[Your objective]
From the first line to the last, restate the data exactly, leaving out the images.

[Supplied records]
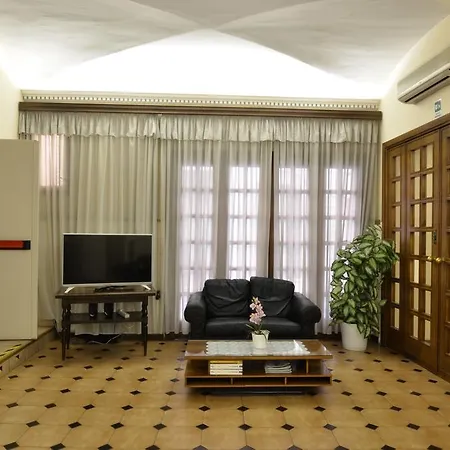 Tirreno Otel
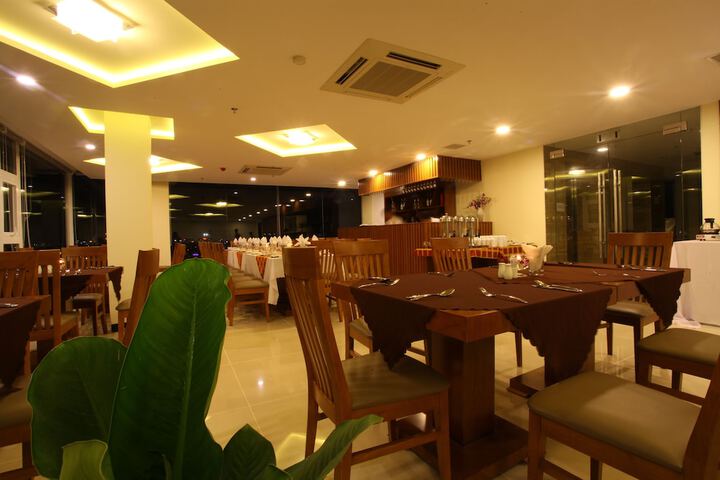 Dining Photos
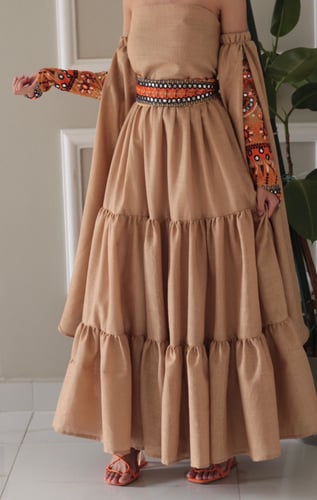 فستان أكمام تطريز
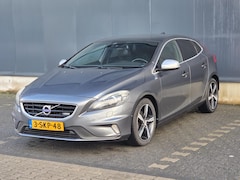 Volvo V40 - 1.6 D2 R-Design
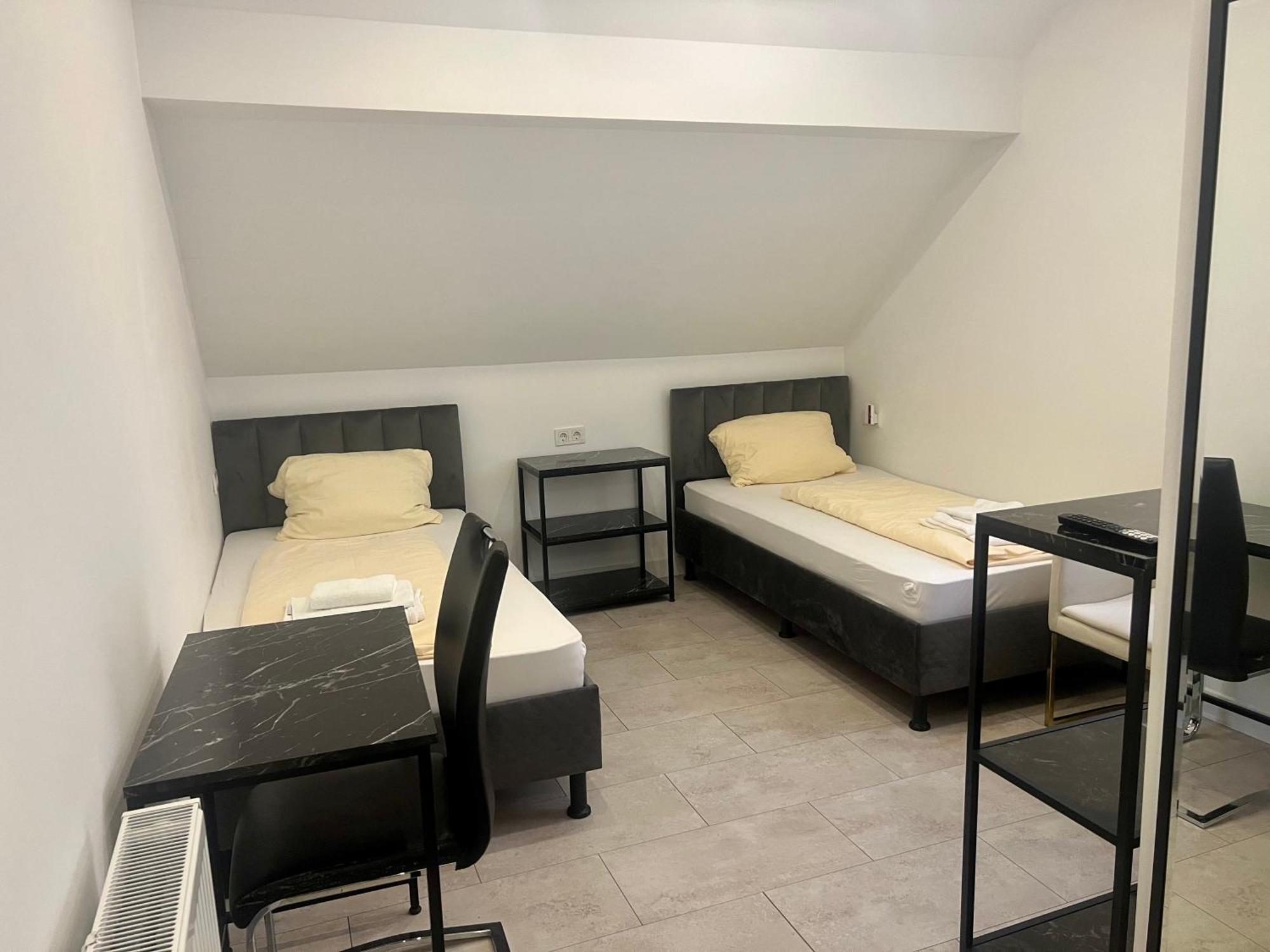 Durmaz Hotel Hannover Exterior photo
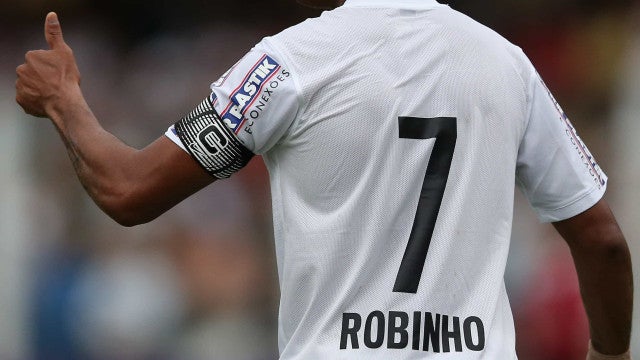 A mina estava embriagada, não sabe quem eu sou, disse Robinho em áudio usado pela Justiça da Itália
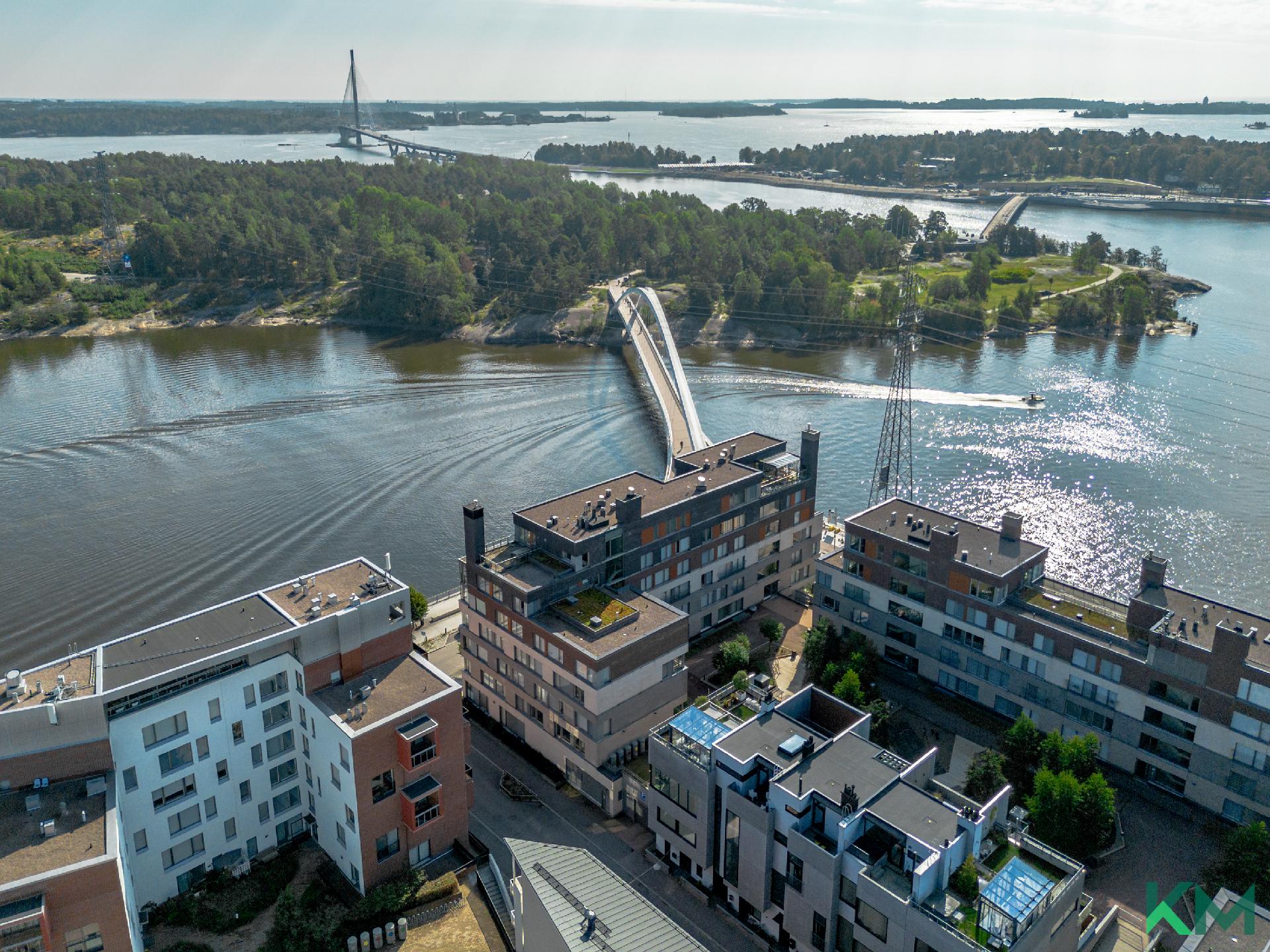 Mustikkamaan ulkoilumaastot aivan vieressä-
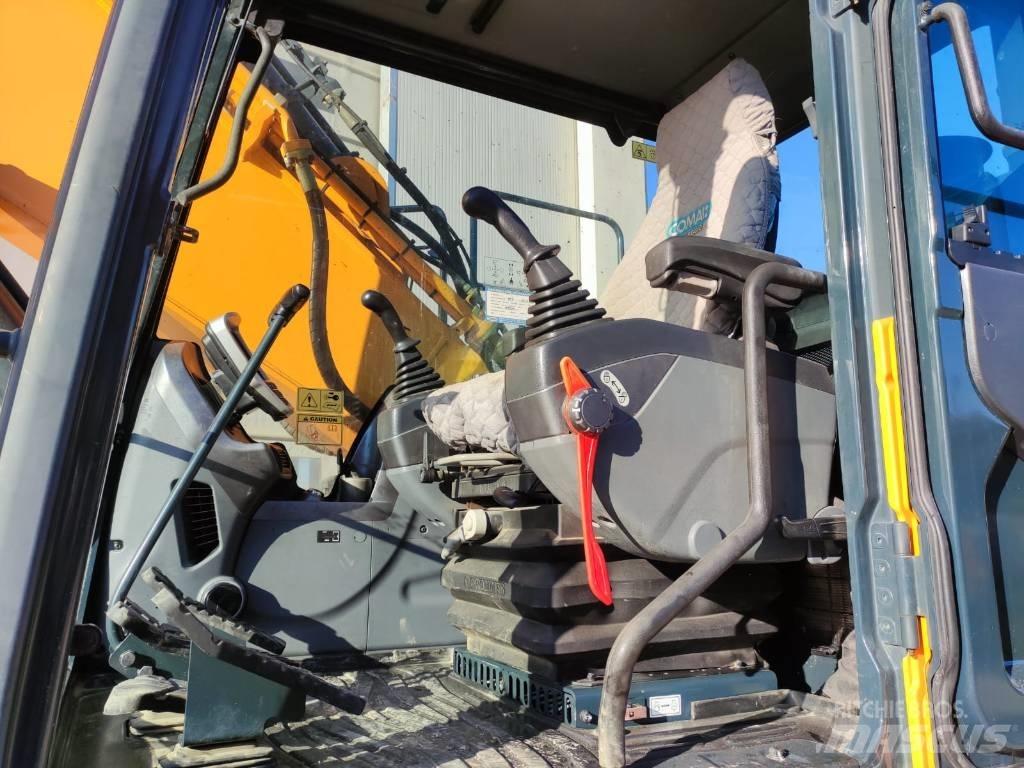 Hyundai HX220NL Верижен екскаватор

[Solution to the exercise]
 Tirreno Otel
 Dining Photos
 فستان أكمام تطريز
 Volvo V40 - 1.6 D2 R-Design
 Durmaz Hotel Hannover Exterior photo
 A mina estava embriagada, não sabe quem eu sou, disse Robinho em áudio usado pela Justiça da Itália
 Mustikkamaan ulkoilumaastot aivan vieressä-
 Hyundai HX220NL Верижен екскаватор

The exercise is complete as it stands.